**DIRECTIONS FOR THIS TASK:** What follows is a listing to transcribe exactly, leaving the pictures out.
###
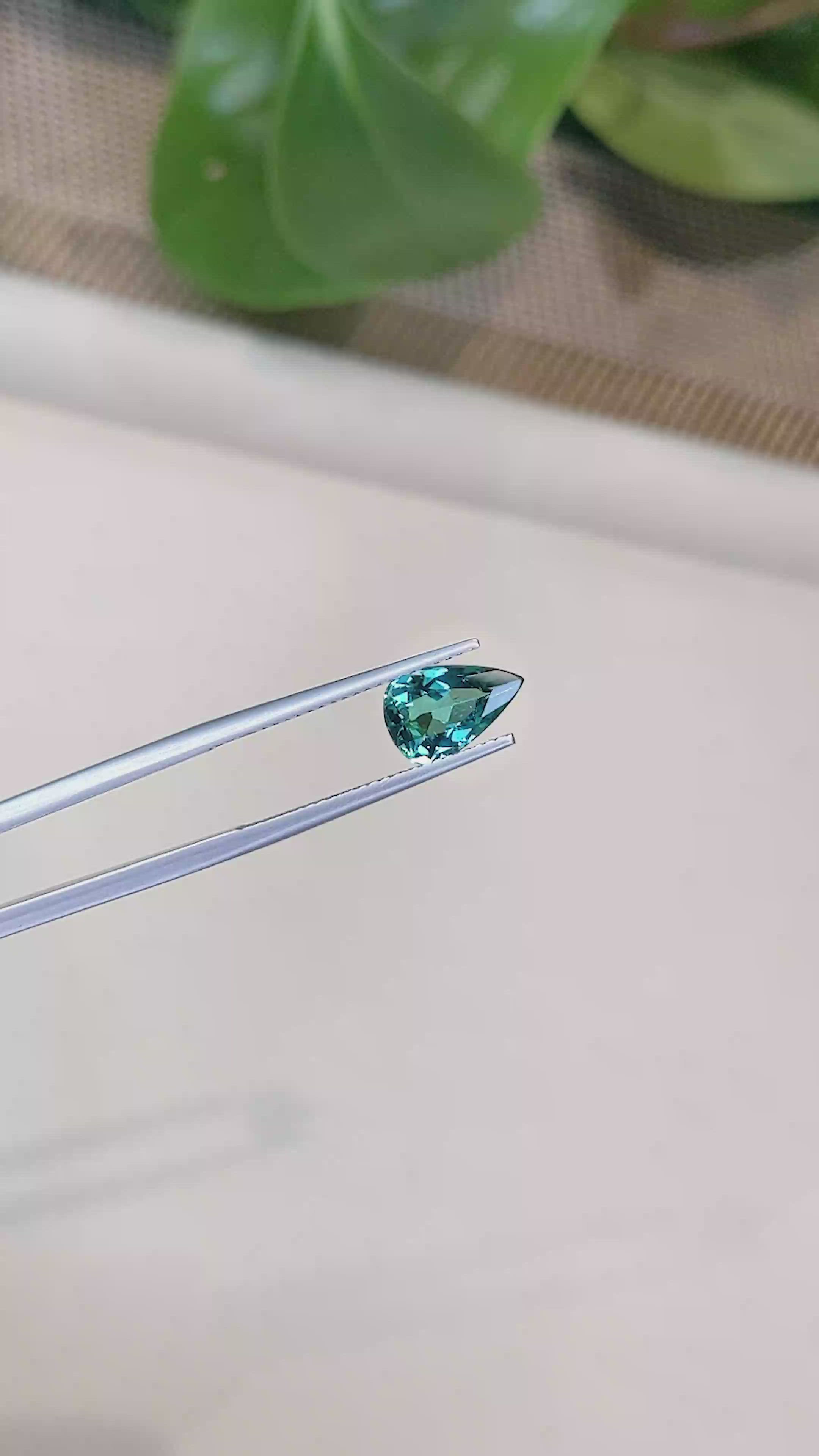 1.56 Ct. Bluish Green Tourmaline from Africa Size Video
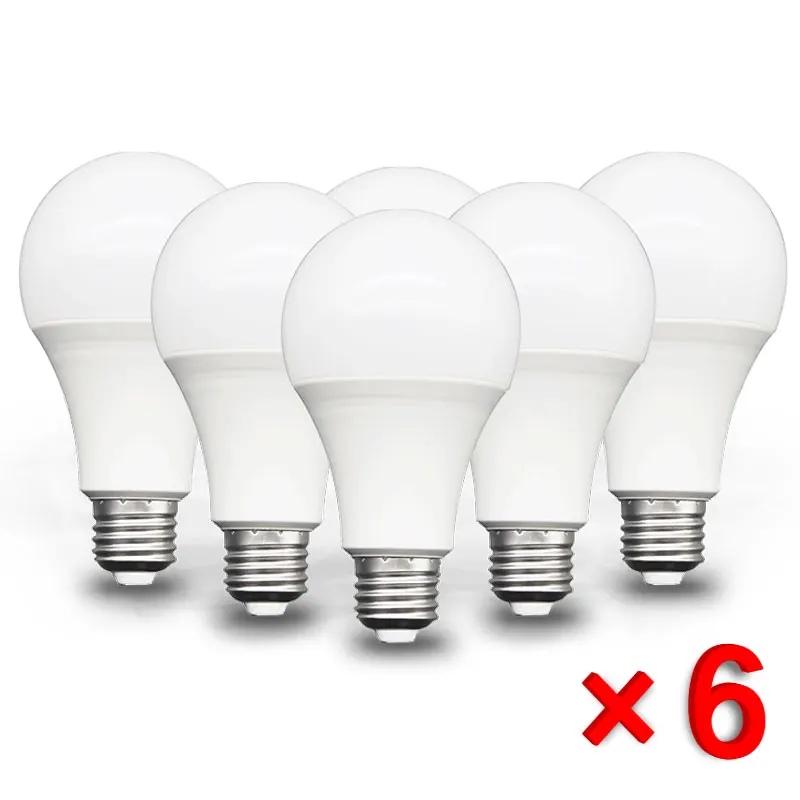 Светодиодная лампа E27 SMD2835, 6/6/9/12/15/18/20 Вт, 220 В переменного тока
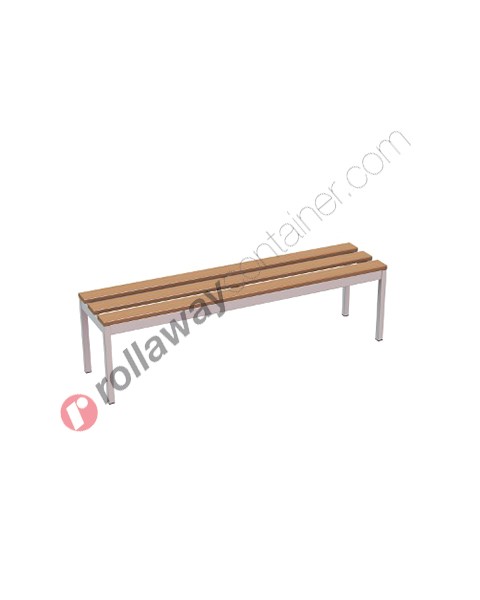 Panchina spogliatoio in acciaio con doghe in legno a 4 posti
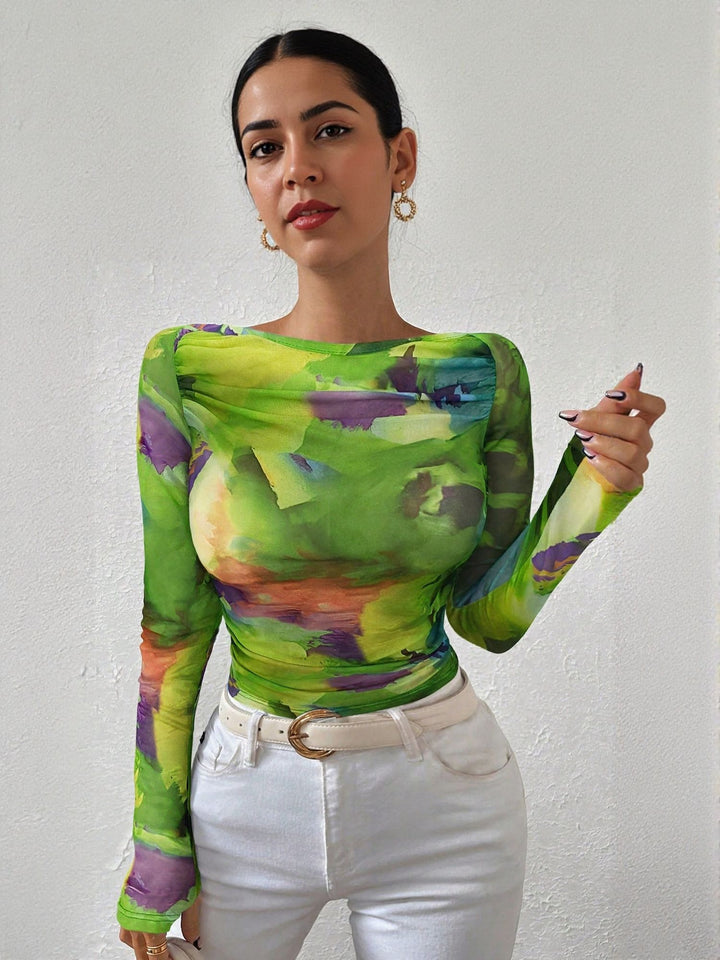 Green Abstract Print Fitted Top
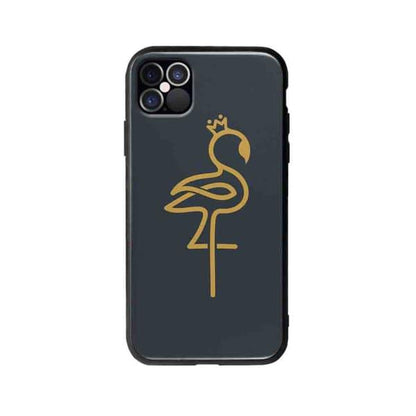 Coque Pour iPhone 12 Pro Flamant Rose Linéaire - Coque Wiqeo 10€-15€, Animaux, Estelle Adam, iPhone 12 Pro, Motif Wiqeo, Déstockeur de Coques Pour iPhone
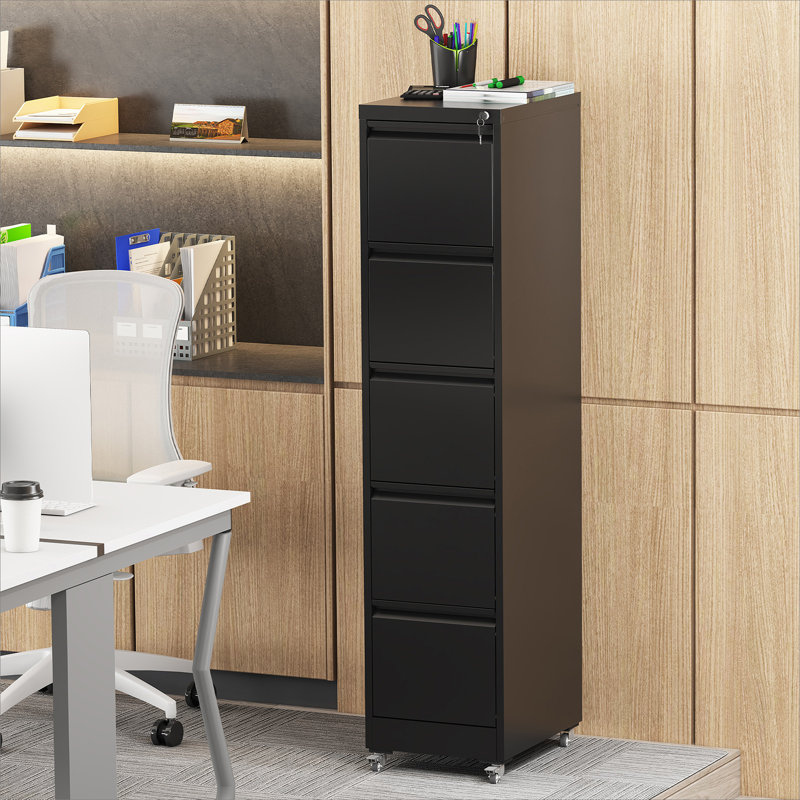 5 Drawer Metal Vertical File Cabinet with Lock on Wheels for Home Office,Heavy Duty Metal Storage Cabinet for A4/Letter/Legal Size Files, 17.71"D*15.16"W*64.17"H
###
**PROBLEM SOLUTION:**
 1.56 Ct. Bluish Green Tourmaline from Africa Size Video
 Светодиодная лампа E27 SMD2835, 6/6/9/12/15/18/20 Вт, 220 В переменного тока
 Panchina spogliatoio in acciaio con doghe in legno a 4 posti
 Green Abstract Print Fitted Top
 Coque Pour iPhone 12 Pro Flamant Rose Linéaire - Coque Wiqeo 10€-15€, Animaux, Estelle Adam, iPhone 12 Pro, Motif Wiqeo, Déstockeur de Coques Pour iPhone
 5 Drawer Metal Vertical File Cabinet with Lock on Wheels for Home Office,Heavy Duty Metal Storage Cabinet for A4/Letter/Legal Size Files, 17.71"D*15.16"W*64.17"H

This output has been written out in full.